Ten behoeve van het bedrijfspand heeft Stratoz, via haar tussenpersoon Clercx Leibau , een Uitgebreide Brandverzekering afgesloten bij verzekeraars (hierna: de verzekering).
2.3.
Op de verzekering zijn van toepassing de Algemene Voorwaarden Uitgebreide Brandverzekering voor Bedrijven UBB02 (hierna: de polisvoorwaarden) en Module A en clausuleblad CBB02. De polisvoorwaarden bepalen, voor zover relevant:
“In deze voorwaarden wordt verstaan onder:
(…)
1.12
Storm
Wind met een snelheid van tenminste 14 meter per seconde;
(…)
2.1
Omschrijving van de dekking
Verzekerd wordt tegen schade aan de op het polisblad genoemde verzekerde belangen, voor zover de module(s) van toepassing zijn verklaard, veroorzaakt door:
(…)
g storm
(…)
i regen, sneeuw, hagel of smeltwater (verder te noemen neerslag) onvoorzien het gebouw binnengedrongen.
Uitgesloten is evenwel schade ontstaan door:
(…)
4 constructiefouten of slecht onderhoud van het gebouw;
(…)
6 instorting van het gebouw als gevolg van overdruk door neerslag.
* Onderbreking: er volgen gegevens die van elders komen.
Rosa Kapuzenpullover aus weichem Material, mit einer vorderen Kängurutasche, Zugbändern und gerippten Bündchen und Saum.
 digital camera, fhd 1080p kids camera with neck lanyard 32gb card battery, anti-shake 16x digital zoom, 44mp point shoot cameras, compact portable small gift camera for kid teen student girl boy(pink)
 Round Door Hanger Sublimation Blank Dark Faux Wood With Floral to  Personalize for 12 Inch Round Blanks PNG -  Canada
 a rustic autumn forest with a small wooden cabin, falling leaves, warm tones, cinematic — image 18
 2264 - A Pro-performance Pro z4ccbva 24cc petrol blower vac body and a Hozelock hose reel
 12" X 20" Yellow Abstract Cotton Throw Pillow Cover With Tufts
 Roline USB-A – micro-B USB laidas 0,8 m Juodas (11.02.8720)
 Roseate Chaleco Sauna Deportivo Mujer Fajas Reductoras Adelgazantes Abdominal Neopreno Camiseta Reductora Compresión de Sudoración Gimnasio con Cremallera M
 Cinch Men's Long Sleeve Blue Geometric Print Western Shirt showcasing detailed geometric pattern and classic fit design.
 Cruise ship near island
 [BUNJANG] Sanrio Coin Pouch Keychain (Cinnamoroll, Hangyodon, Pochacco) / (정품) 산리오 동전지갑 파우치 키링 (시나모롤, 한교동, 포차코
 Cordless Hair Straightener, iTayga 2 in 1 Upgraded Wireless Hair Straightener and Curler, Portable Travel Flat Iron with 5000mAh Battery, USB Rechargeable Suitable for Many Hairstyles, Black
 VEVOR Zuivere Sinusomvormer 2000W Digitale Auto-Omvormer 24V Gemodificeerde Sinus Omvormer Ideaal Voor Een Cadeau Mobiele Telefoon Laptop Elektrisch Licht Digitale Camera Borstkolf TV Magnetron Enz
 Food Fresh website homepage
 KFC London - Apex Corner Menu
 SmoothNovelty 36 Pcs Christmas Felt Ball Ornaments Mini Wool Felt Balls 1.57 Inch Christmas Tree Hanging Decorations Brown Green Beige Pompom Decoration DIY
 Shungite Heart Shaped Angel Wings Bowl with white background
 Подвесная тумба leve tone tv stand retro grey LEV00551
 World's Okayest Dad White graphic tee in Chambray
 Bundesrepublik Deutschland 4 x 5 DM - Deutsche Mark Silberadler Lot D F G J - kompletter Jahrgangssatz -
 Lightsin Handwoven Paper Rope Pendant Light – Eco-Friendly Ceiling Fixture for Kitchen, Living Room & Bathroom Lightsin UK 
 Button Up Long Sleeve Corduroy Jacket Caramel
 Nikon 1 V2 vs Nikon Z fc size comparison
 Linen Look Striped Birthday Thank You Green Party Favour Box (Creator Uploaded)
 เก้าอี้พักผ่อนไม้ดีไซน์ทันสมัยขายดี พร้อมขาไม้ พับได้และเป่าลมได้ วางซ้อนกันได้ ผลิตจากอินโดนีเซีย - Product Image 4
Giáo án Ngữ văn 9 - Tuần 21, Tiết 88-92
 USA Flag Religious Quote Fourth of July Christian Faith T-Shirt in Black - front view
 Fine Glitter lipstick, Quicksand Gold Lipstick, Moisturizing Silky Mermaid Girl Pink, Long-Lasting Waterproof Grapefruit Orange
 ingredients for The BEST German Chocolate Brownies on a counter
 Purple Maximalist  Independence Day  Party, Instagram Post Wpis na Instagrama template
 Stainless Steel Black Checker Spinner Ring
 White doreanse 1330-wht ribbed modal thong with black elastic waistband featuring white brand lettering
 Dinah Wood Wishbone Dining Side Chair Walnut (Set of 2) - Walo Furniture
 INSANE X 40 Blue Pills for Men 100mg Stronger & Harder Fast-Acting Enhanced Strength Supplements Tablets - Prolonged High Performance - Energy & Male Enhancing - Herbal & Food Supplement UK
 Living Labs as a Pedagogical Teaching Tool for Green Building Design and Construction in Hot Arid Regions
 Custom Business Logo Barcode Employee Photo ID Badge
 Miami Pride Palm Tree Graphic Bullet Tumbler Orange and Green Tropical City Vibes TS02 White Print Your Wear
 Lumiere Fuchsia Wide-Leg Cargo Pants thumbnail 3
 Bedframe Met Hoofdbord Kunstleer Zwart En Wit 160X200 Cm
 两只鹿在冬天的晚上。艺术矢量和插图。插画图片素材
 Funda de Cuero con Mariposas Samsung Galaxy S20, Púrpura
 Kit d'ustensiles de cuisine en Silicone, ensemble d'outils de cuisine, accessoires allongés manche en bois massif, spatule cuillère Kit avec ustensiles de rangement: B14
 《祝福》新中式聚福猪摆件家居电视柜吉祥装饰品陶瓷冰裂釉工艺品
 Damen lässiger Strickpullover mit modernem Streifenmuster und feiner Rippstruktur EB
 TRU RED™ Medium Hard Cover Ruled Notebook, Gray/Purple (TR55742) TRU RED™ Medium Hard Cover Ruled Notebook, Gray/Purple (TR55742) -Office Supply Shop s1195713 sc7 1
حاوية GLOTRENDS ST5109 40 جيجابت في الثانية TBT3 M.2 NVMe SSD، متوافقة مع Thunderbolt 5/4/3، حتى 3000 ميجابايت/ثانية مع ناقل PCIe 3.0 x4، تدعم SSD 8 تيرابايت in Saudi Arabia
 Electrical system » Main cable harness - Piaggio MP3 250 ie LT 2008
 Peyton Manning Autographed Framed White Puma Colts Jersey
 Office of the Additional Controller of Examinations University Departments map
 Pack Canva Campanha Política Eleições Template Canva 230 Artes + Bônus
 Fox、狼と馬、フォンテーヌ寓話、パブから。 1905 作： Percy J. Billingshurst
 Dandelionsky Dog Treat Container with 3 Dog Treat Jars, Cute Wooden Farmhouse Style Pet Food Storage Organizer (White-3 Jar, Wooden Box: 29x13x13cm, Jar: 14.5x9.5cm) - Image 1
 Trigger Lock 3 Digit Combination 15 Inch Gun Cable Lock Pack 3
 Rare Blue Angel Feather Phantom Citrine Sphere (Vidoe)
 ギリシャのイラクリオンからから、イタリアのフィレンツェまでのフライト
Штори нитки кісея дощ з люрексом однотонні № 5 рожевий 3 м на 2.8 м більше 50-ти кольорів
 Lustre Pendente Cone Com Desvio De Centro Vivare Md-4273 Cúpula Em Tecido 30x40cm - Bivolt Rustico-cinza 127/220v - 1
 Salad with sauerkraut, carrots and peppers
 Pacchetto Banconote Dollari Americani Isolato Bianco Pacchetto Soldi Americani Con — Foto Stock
Bovendien zijn uitgesloten reparatiekosten van daken, dakgoten, dakbedekking en afvoerpijpen;”
2.4.
Tijdens hevig noodweer op donderdag 5 juli 2012 is het dak van hal 4 van het bedrijfspand ingestort. Stratoz heeft de schade bij schadeaangifteformulier op 6 juli 2012 bij verzekeraars gemeld en verzocht dekking te verlenen. Op het schadeformulier staat, voor zover relevant, vermeld:
“Oorzaak van de schade [handgeschreven; hof] hevige regenval (tropisch) heeft een
Omschrijving van de toedracht instorting veroorzaakt in de inpakloods/hal
(…)
Waarmee werd de schade veroorzaakt [handgeschreven; hof] hevige regenval/wind (tropisch)”
2.5.
Verzekeraars hebben daarop Interlloyd Survey B.V. (hierna: Interlloyd) ingeschakeld. Op 6 juli 2012 heeft Interlloyd een eerste bezoek aan (hal 4 van) het bedrijfspand gebracht. Daarbij was ook aanwezig de door de huurder ingeschakelde constructeur van GJM Bouwadviseurs, die het herstel van het dak heeft uitgevoerd. Op de oorspronkelijke bouwtekening van het dak van hal 4 (laatstelijk gewijzigd per 3 maart 1980) heeft de constructeur van GJM Bouwadviseurs op 6 juli 2012 met de hand aangetekend:
“- Op het dak is een zeer gering afschot geconstateerd, alsmede een lichte staalconstructie. Na herstel van het dak dient het aanwezige afschot van het dak volledig in kaart te worden gebracht, waarna het gehele dak op wateraccumulatie gecontroleerd dient te worden.”
2.6.
Naar aanleiding van de inspectie van 6 juli 2012 heeft Interlloyd op 10 juli 2012 een voorlopig rapport opgesteld. In dat rapport is, voor zover relevant, opgetekend:
“Overige bijzonderheden
Ten tijde van onze inspectie stelden wij het navolgende vast:
De loods 4 is NIET gebouwd conform de overgelegde tekening; de stramienmaat op de tekening is 4.300 mm en de uitvoering daarentegen 5.300 mm.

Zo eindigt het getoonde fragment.